**SUPPLIED RECORDS:**
[Start of section]

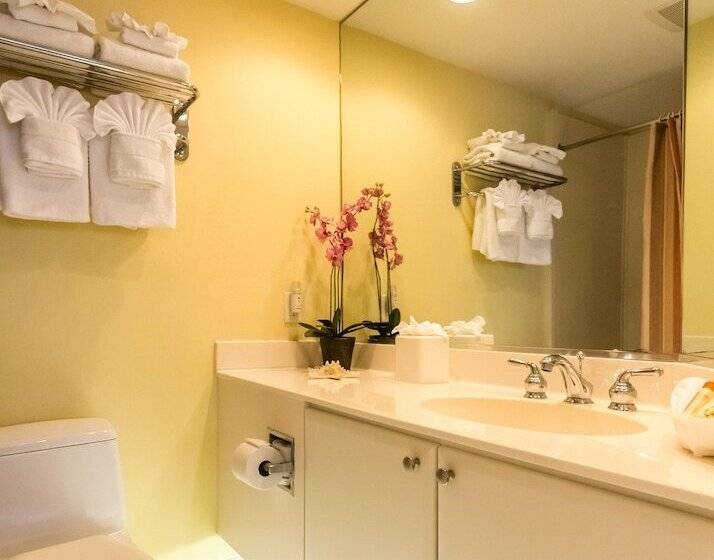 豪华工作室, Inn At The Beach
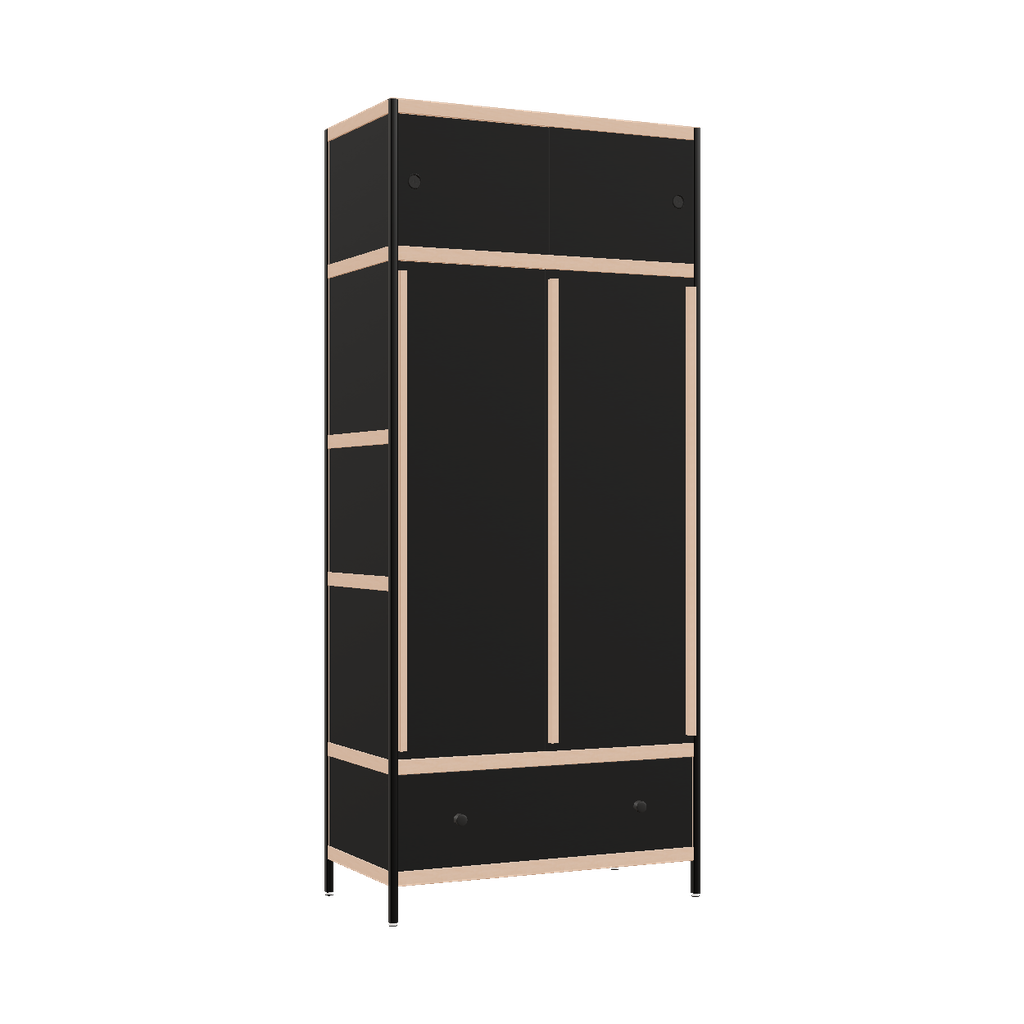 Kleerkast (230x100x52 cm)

[End of section]
[Start of section]

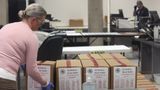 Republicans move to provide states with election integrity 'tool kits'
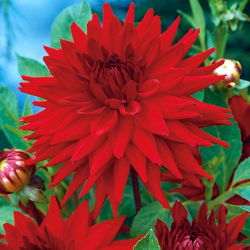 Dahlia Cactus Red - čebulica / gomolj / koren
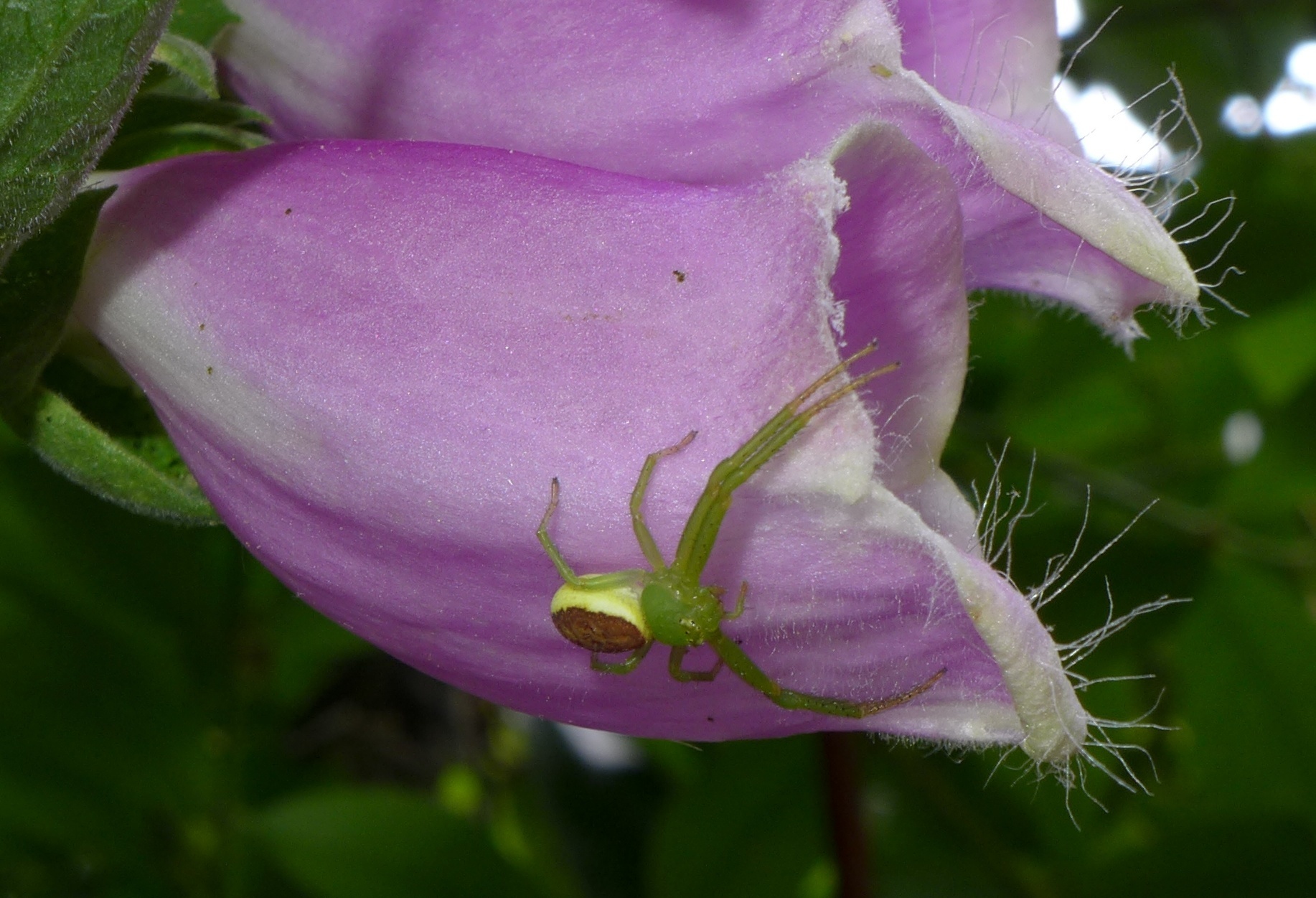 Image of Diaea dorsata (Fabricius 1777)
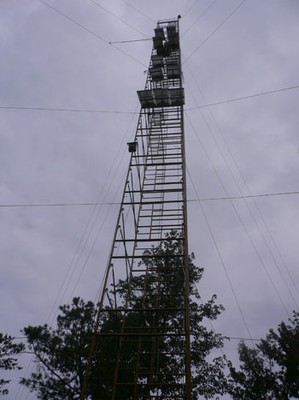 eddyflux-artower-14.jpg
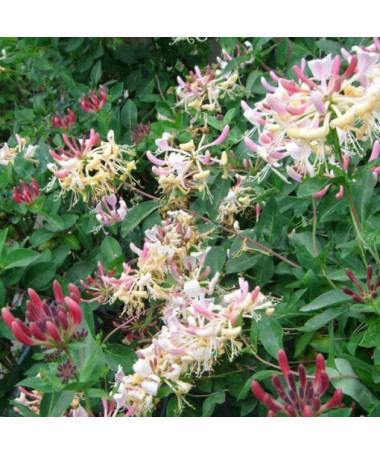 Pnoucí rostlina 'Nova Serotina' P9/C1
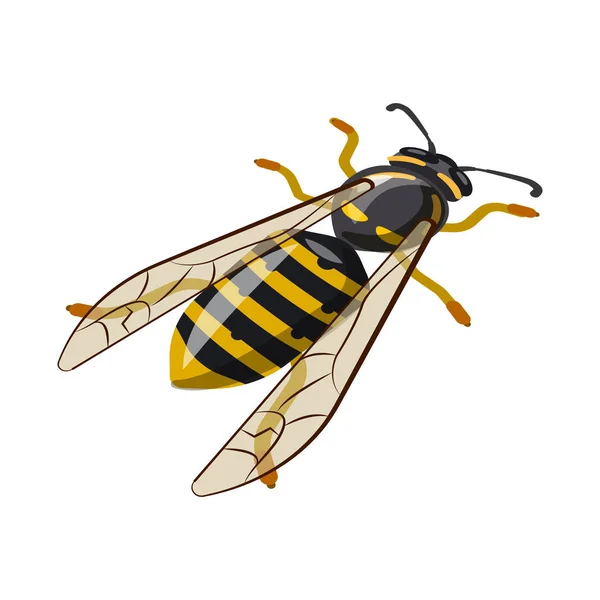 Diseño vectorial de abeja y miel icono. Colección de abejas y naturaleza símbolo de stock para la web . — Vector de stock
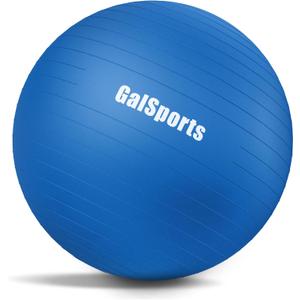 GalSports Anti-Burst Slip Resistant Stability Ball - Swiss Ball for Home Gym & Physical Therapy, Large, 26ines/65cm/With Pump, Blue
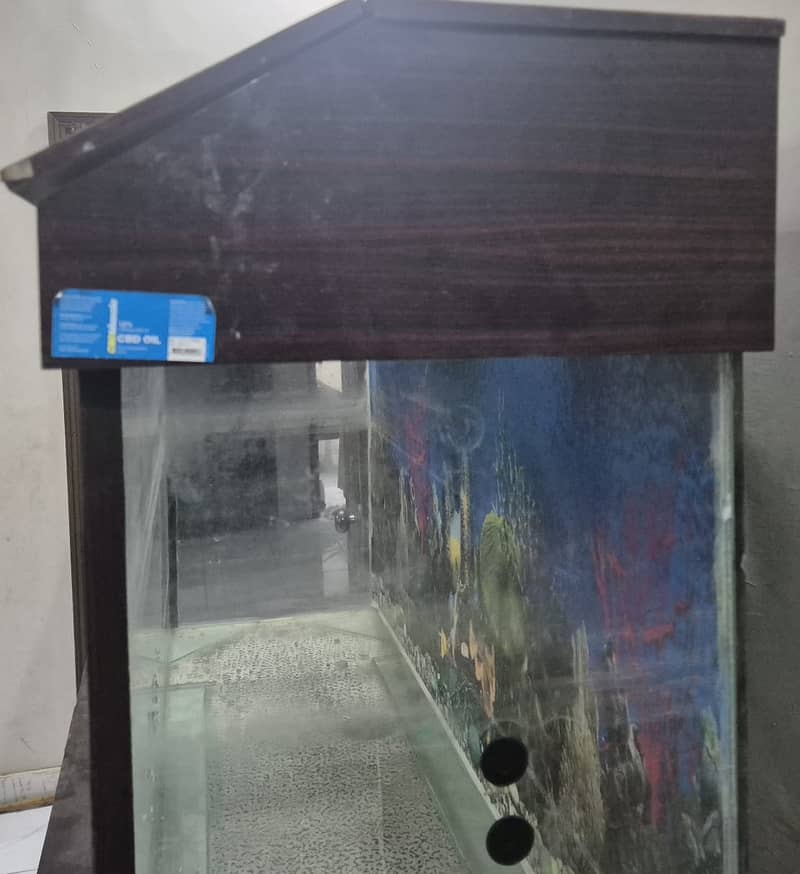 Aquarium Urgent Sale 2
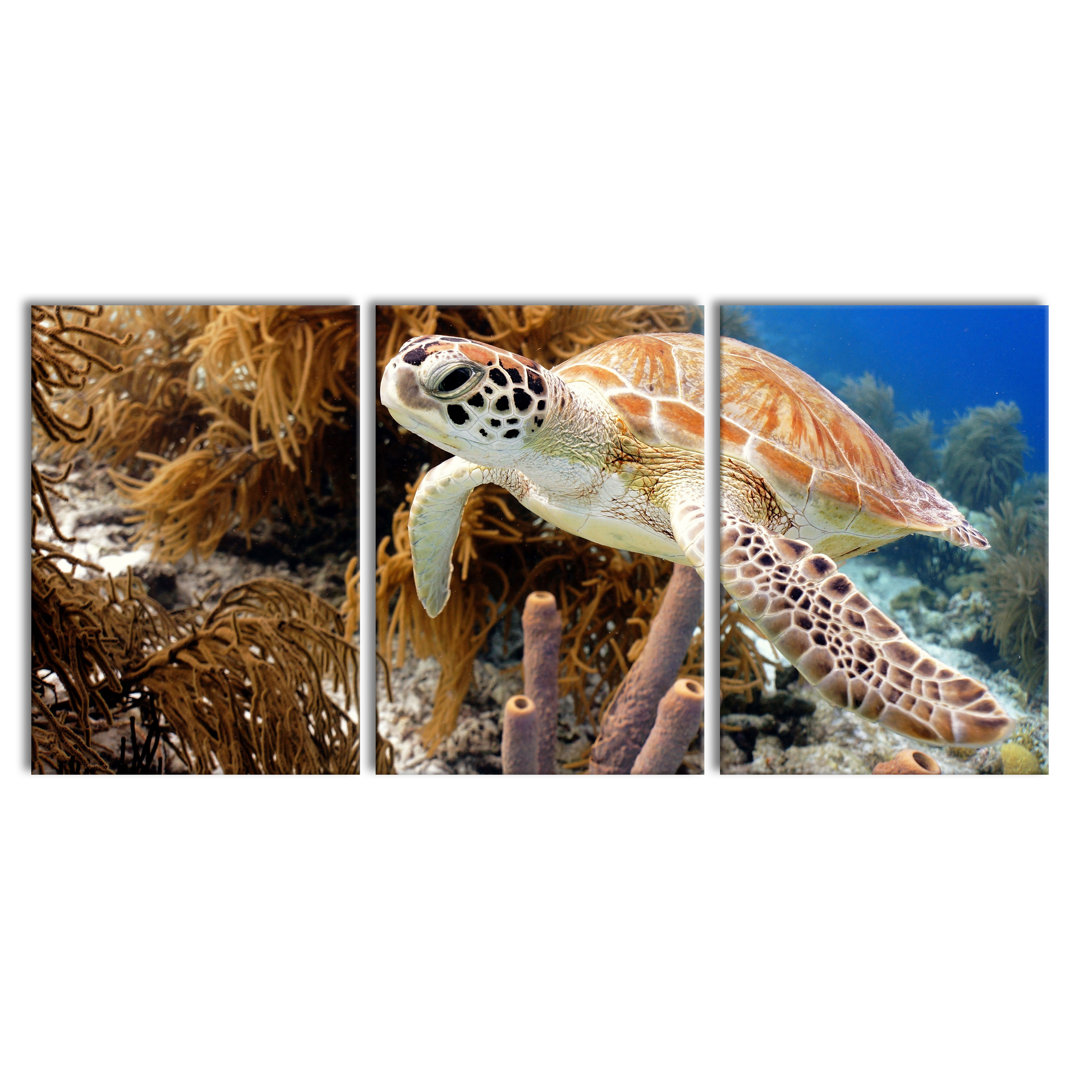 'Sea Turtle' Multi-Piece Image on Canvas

[End of section]

**EXERCISE AIM:** In the listing above, find the line containing "Pnoucí rostlina 'Nova Serotina' P9/C1" and the line containing "Image on Canvas". Reproduce those lines and all between them exactly, with no pictures and nothing more.

**RESPONSE TO THIS TASK:**
 Pnoucí rostlina 'Nova Serotina' P9/C1
 Diseño vectorial de abeja y miel icono. Colección de abejas y naturaleza símbolo de stock para la web . — Vector de stock
 GalSports Anti-Burst Slip Resistant Stability Ball - Swiss Ball for Home Gym & Physical Therapy, Large, 26ines/65cm/With Pump, Blue
 Aquarium Urgent Sale 2
 'Sea Turtle' Multi-Piece Image on Canvas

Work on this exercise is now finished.